Contract: AdaptiveRoutingPolicy

layer: Functional maturity: Beta module: llm_connect.routing since: WP-0004

Purpose

Select the cheapest adapter whose observed mean quality for a task type clears a caller-supplied quality floor. The policy builds on RoutingPolicy: static rules remain the cold-start and failure fallback, while adaptive selection is used only when the ledger has enough qualifying observations.

Public surface

@dataclass
class AdaptiveRoutingPolicy(RoutingPolicy):
    ledger: Optional[QualityLedger] = None
    adapters_by_id: Mapping[str, LLMAdapter] = field(default_factory=dict)
    window_size: int = 20
    min_observations: int = 1
    max_age: Optional[timedelta] = None

    def resolve(
        self,
        task_type: str,
        estimated_cost_per_1k: Optional[float] = None,
        *,
        quality_floor: Optional[float] = None,
    ) -> LLMAdapter: ...

Candidate identity

Observations are keyed by (task_type, adapter_id). Callers should pass adapters_by_id so the policy can map ledger observations back to concrete LLMAdapter instances. If a static rule adapter is not present in adapters_by_id, the policy also checks common string attributes adapter_id, id, and name.

Invariants

  1. If quality_floor is None or ledger is None, resolution is exactly the same as RoutingPolicy.resolve().
  2. quality_floor must be between 0 and 1, inclusive.
  3. Each candidate is evaluated over the newest window_size observations for the requested task_type and adapter id.
  4. max_age, when provided, filters out observations older than that age.
  5. A candidate is considered only when it has at least min_observations after filtering.
  6. A candidate qualifies when its mean quality_score is greater than or equal to quality_floor.
  7. Among qualifying candidates, the policy chooses the lowest mean observed cost_usd.
  8. If mean observed cost ties exactly, the policy prefers the matching static rule's explicit prefer adapter.
  9. If there are still ties, stable candidate order is used.
  10. If no candidate qualifies, resolution falls through to RoutingPolicy.resolve(task_type, estimated_cost_per_1k).

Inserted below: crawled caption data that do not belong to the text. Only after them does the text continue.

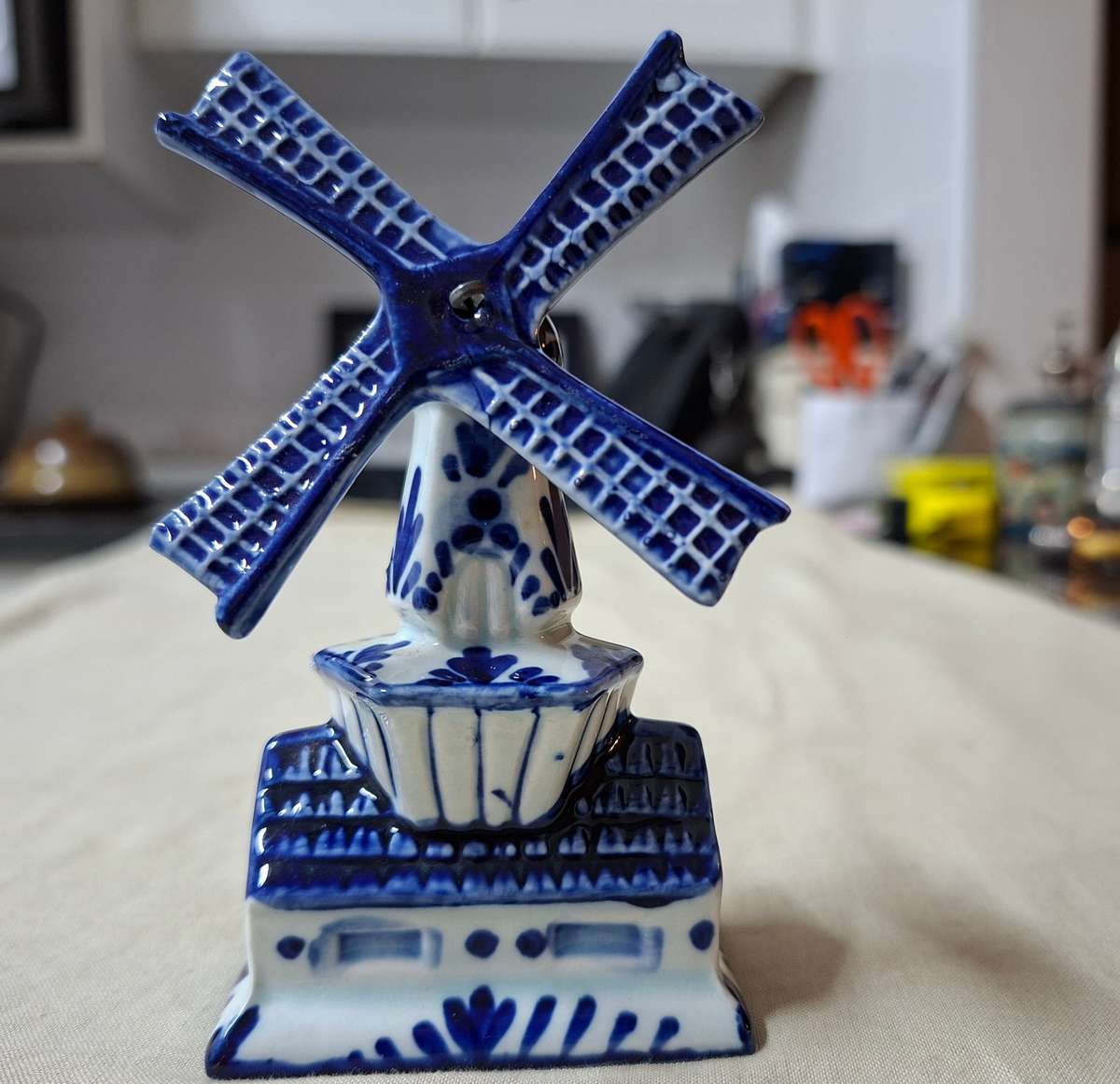 Delft Windmill - Hand painted Delfts Blau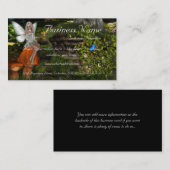 Fée sur des cartes de visite d'une conception 2 de (Devant / Derrière)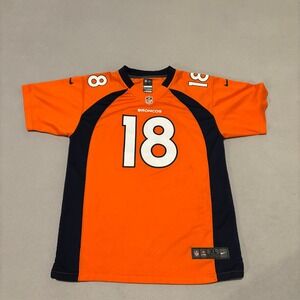 Nike Peyton Manning 18 Denver Broncos Jersey XL Orange Football Blokecore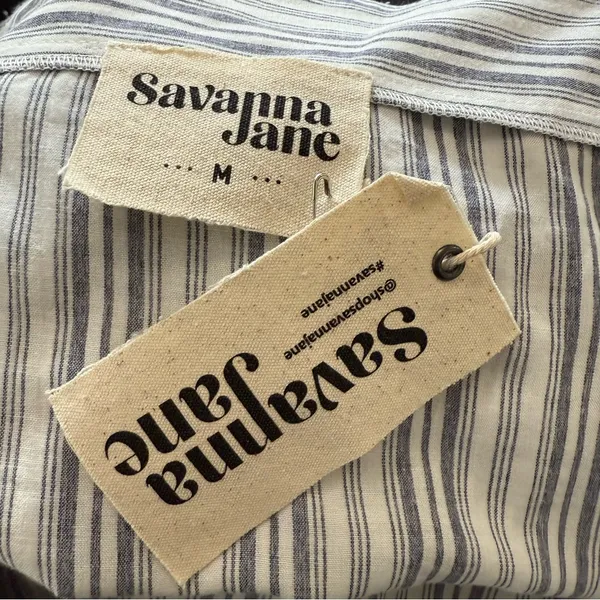 Savanna Jane Square Neck‎ Embroidered Blouse NWT White Size L - Image 4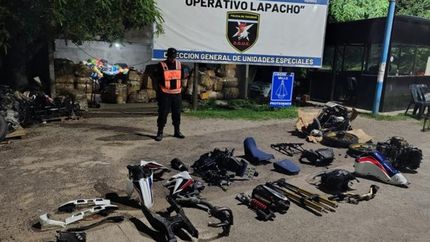 Las motopartes estaban en un camión que se dirigía a Jujuy.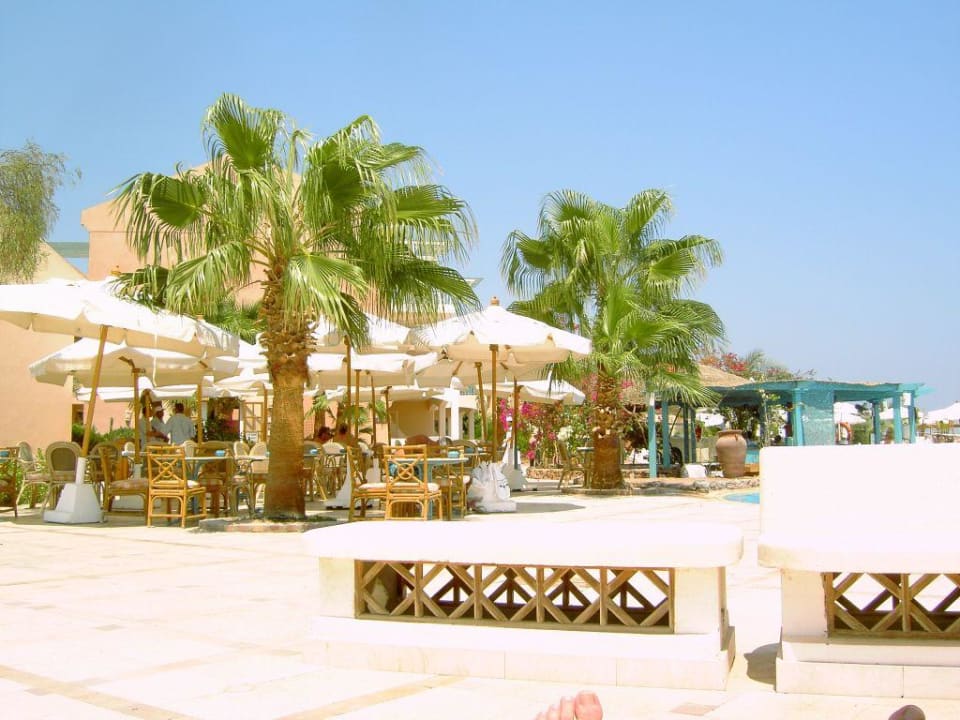Sitzgelegenheiten an der Snackbar am Lagoonpool  Mövenpick Resort & Spa El Gouna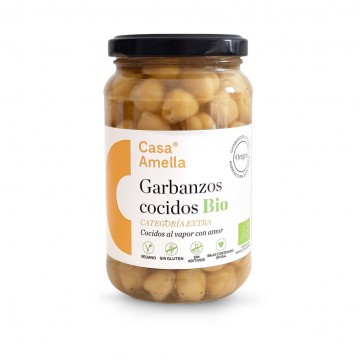 Garbanzos Cocidos SinGluten Bio Vegan 390g Casa Amella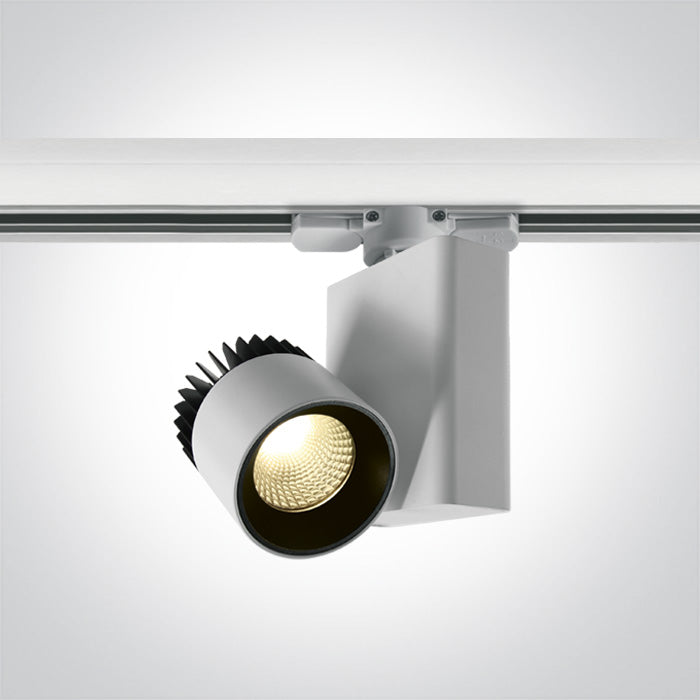 One Light 65610AT/W/W WHITE COB LED 10W WW TRACK SPOT 230V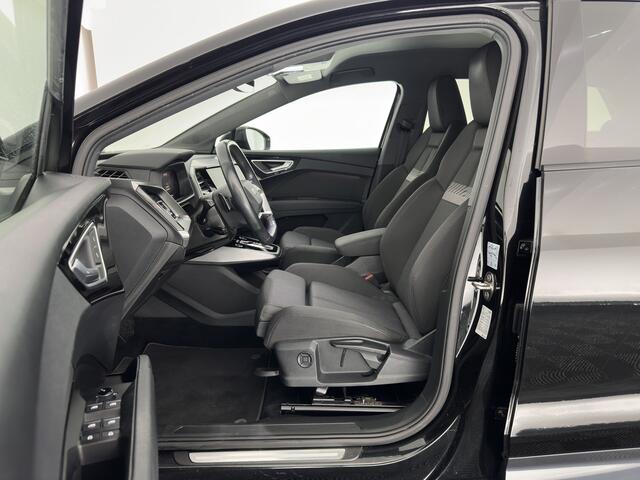 Audi Q4 e-tron 40 Launch edition Advanced Plus 77 kWh (INCL-BTW) *HEATPUMP | ADAPT-CRUISE | MATRIX-LED | NAVI-FULLMAP | KEYLESS | CAMERA | DIGI-COCKPIT | DAB | AMBIENT-LIGHT | SPORT-SEATS | 19''ALU*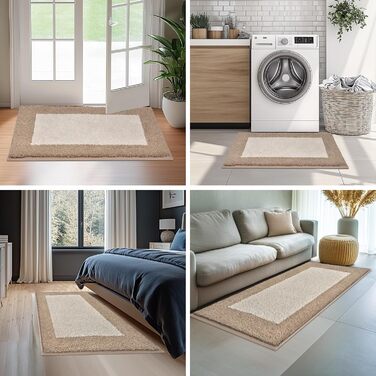 Килимок для ванної кімнати, неслизький, миючий, 76 x 150 см (Бежевий)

Sample-size and freshness trade-off

Small window_size values react quickly to model or prompt changes but can be noisy. Larger windows are more stable but may preserve stale behavior after a provider update or prompt template change. min_observations lets callers avoid acting on a single lucky sample, while max_age bounds how long old observations can influence routing. Callers that change prompts materially should also filter by a prompt fingerprint in observation tags before writing comparable samples to the same ledger regime.

Error contract

Condition Exception
quality_floor outside 0..1 ValueError
window_size <= 0 ValueError
min_observations <= 0 ValueError
max_age < 0 ValueError
No qualifying adaptive candidate and no static fallback LookupError

Non-goals

The policy does not define a task taxonomy, set task quality floors, decide which baseline is authoritative, or perform billing-grade accounting. Those are consumer policy choices.